Среди хаоса тайный рисунок любви
Я увидел – и звякнула льдинка в крови,
Что скрещение спиц на обрыве крутом
Осенит и меня своим тихим крестом.





НЕ РЫДАЙ МЕНЕ, МАТИ

Не рыдай мене, мати. Икона стара.
Умирающий сын. И пустующий крест.
А на лицах застывший скорбящий хорал.
Жгучий благовест, матери скованный жест.

Не рыдай мене, мати. Я мало писал.
Я любил не словами, а честно – душой.
И в цветах мирозданья себе выбирал
Не покой, а мученье с людскою семьей.

Не рыдай мене, мати. Я выбрал глагол.
Я не выбрал стада. Я не венчан со злом.
Возле древа любви я сомненья полол.
Возле древа, чье семя дала мне с огнем.

Не рыдай мене, мати. Я знал о судьбе.
Тем бесстрашнее жил. И тем яростней пел.
Размахнулся мечом, но попал по тебе.
Через горе твое – я врага одолел.

Не рыдай мене, мати. Что вести не слал.
Не хотел погубить. Это первый ли крест?
И бессильна Голгофа. Я миру отдал
Свет любви на потребу влюбленных сердец.
Не рыдай мене, Мати.



НАРИСУЕТ СПАС

Затрещит зима – вдруг. И застынет Русь – в сне.
Запоет в избе – печь.

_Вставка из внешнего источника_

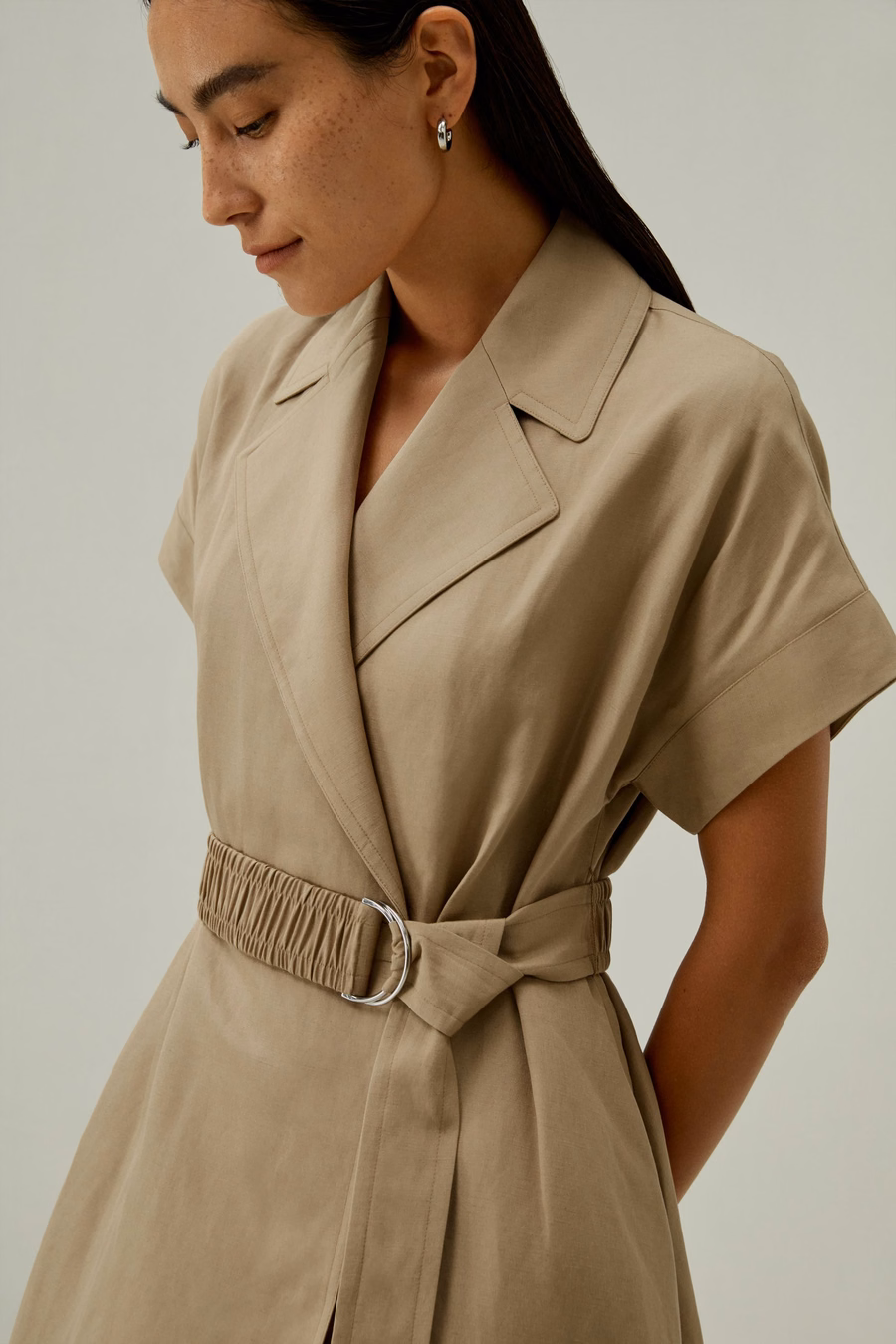 Vestido inspirado en trench coat de manga corta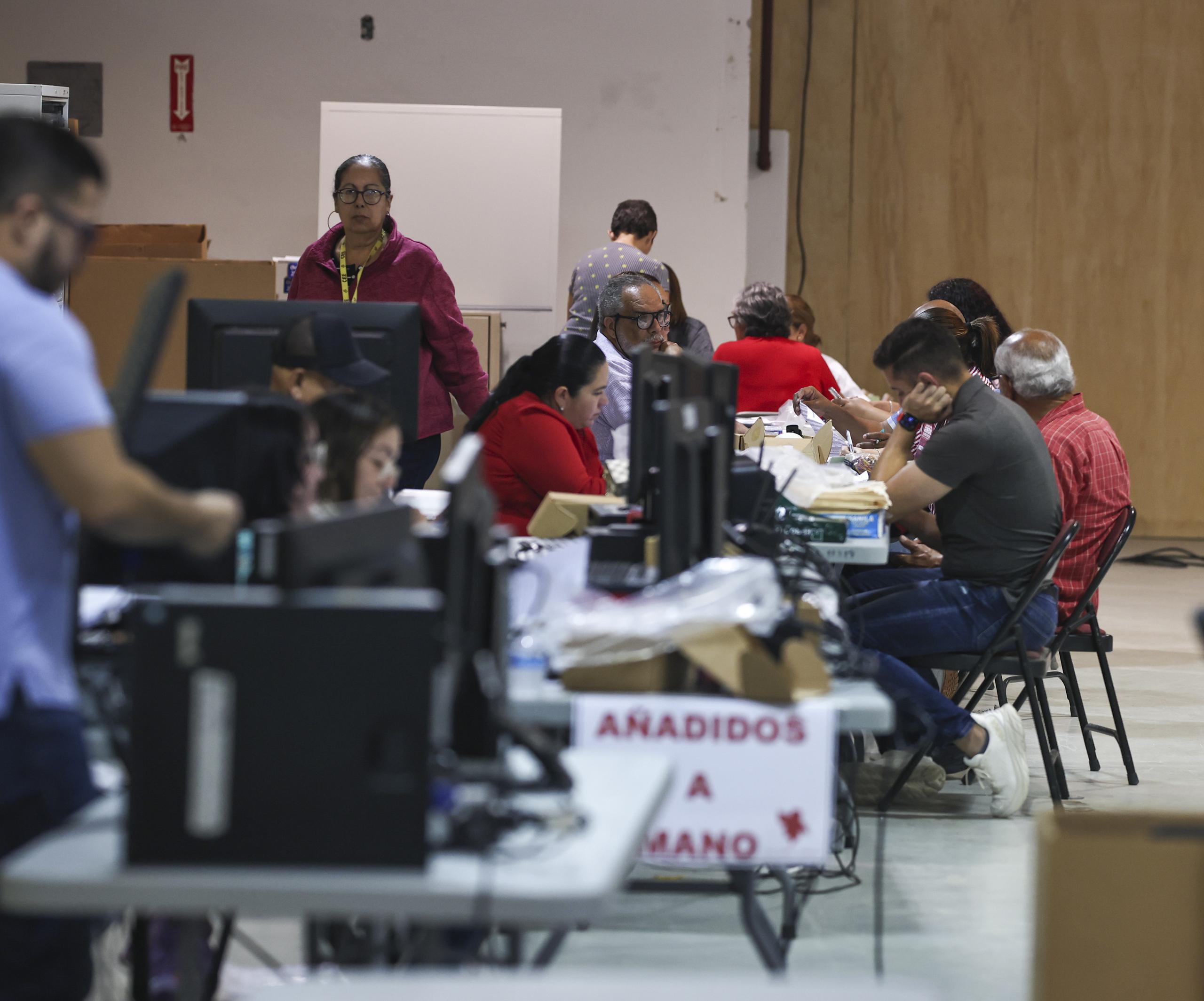 El recuento de votos se lleva a cabo desde el Centro de Operaciones Electorales de la Comisión Estatal de Elecciones.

И повалит дым.
Нарисует мил друг, дедушка Мороз – мне,
На окошке бел град, Иерусалим.

Буду я смотреть – сквозь, белые цветы – сквозь,
И за хрусталем сим – и за градом тем,
Я увижу бел дом, где земная спит ось,
Вроде бы Москва-град, то ли Вифлеем.

Заметет покров слез – нищету моих глаз,
И через метель слез – и цветенье роз
Я увижу вдруг – свет, на соломе спит – Спас!
Родина моя спит – в золоте волос.

Нарисует Спас, Спас, мне по белу сад-лад.
Нарисует Спас сказ по белу жнивью.
Я войду в дверь-сад, там хрустальный спит див.
Я войду в бел сад, в горенку мою.

Нарисует Спас – мне, крохотной рукой – бел день,
А по белу дню – Русь, белое жнивье.
Нарисует Спас – сказ, чтобы не сорвал лют зверь
Аленький цветок – Русь, счастие мое.